Exercise input
▼
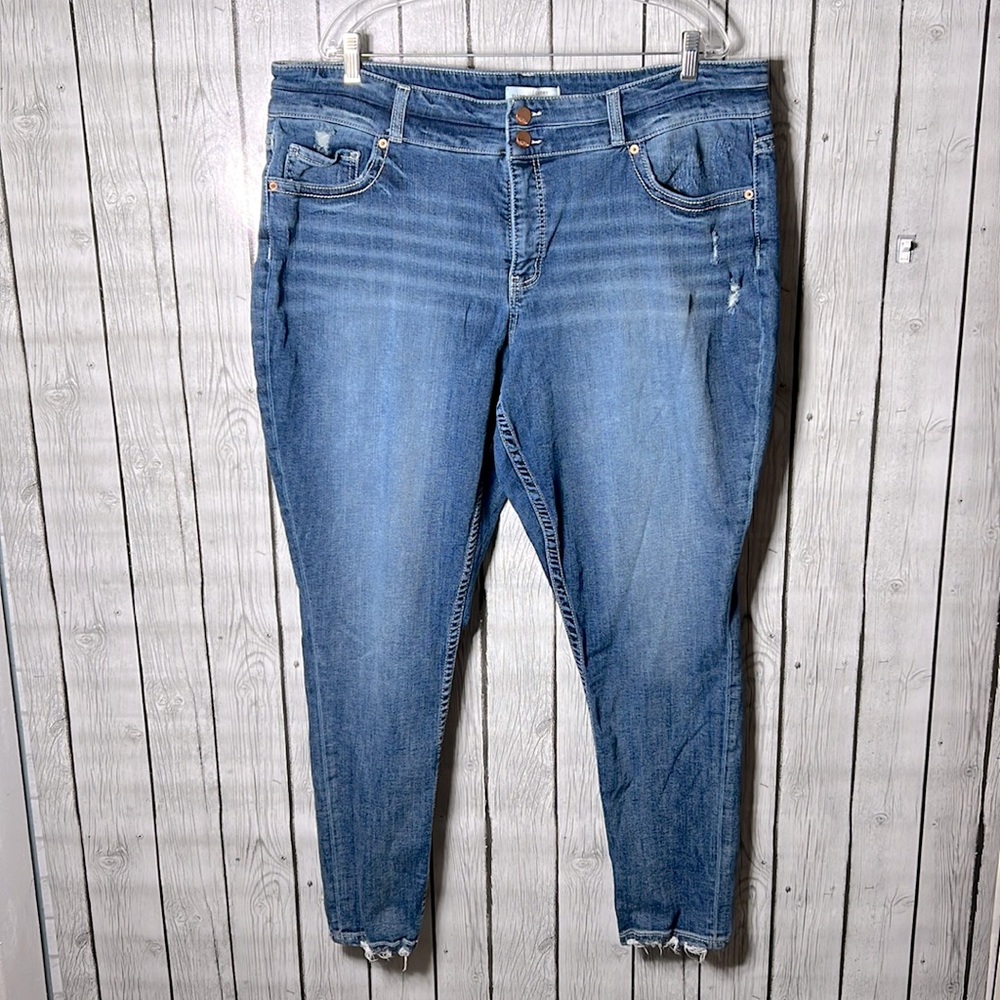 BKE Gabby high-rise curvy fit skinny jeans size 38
▲
▼
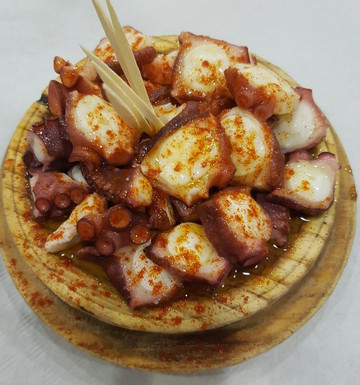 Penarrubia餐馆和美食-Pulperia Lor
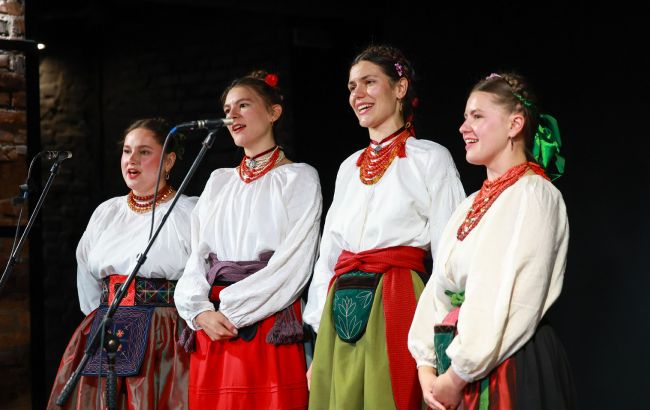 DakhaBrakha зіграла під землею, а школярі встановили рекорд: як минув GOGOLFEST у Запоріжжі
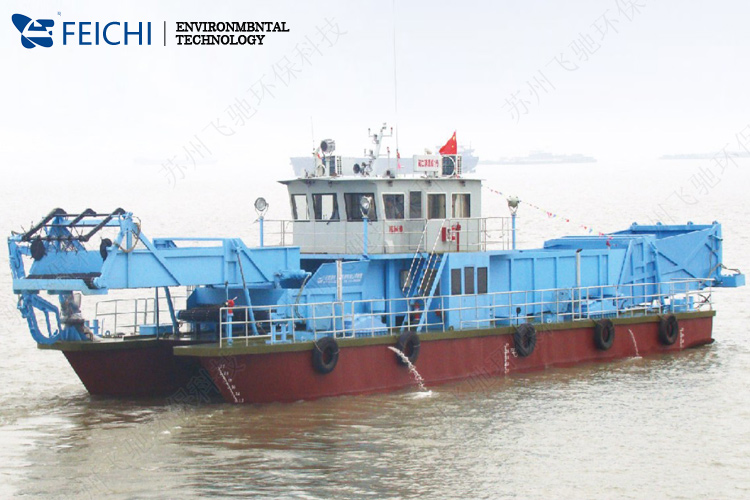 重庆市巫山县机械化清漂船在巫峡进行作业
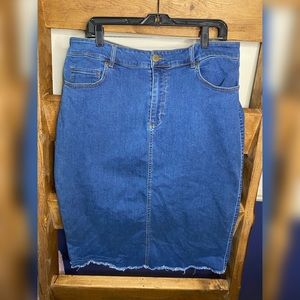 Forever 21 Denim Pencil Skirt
▲
▼
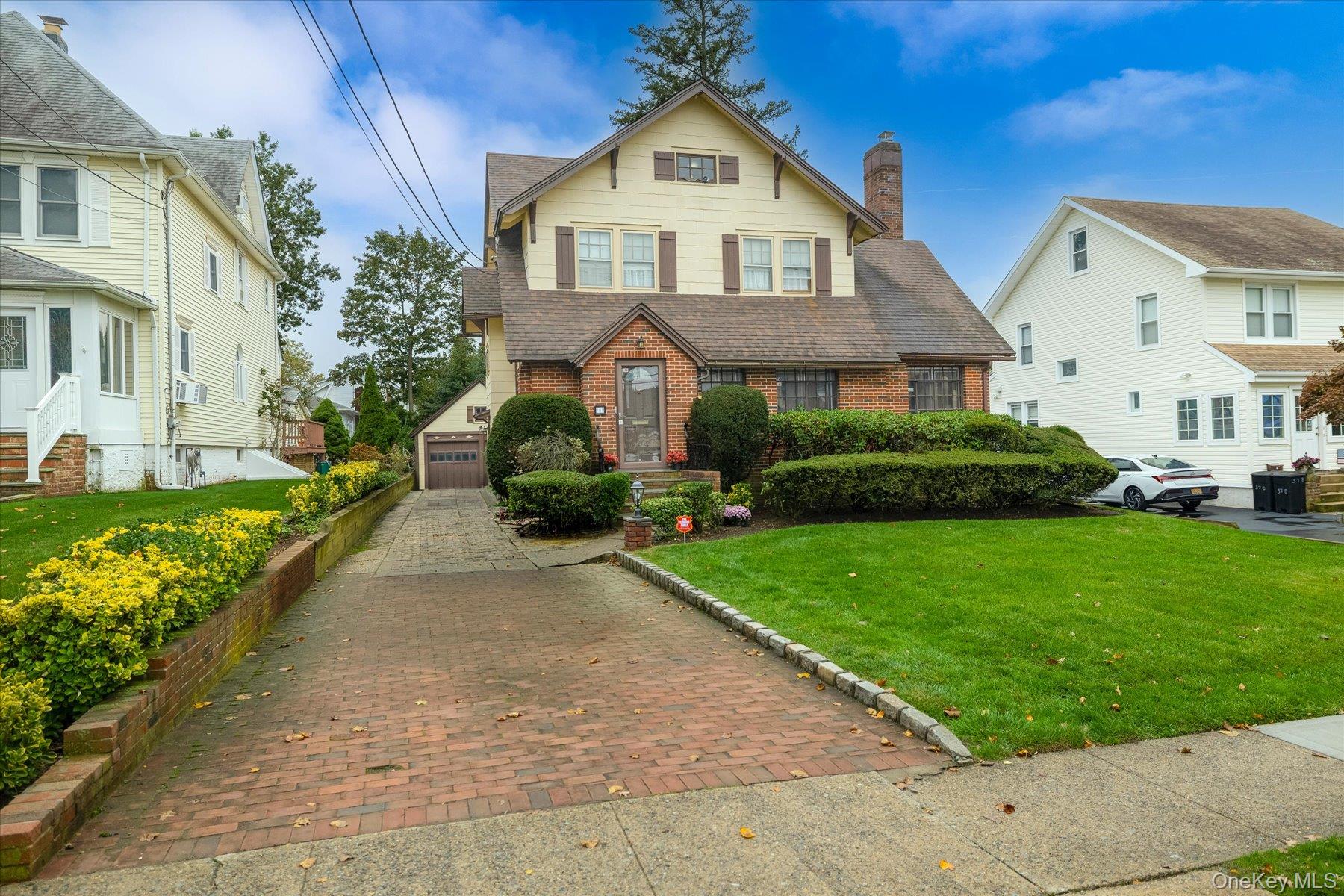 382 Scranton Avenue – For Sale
▲
Exercise prompt
Repeat exactly the lines above, beginning at the one containing "重庆市巫山县机械化清漂船在巫峡进行作业" and ending at the one containing "Forever 21 Denim Pencil Skirt". Do not carry over any pictures.

Expected answer
 重庆市巫山县机械化清漂船在巫峡进行作业
 Forever 21 Denim Pencil Skirt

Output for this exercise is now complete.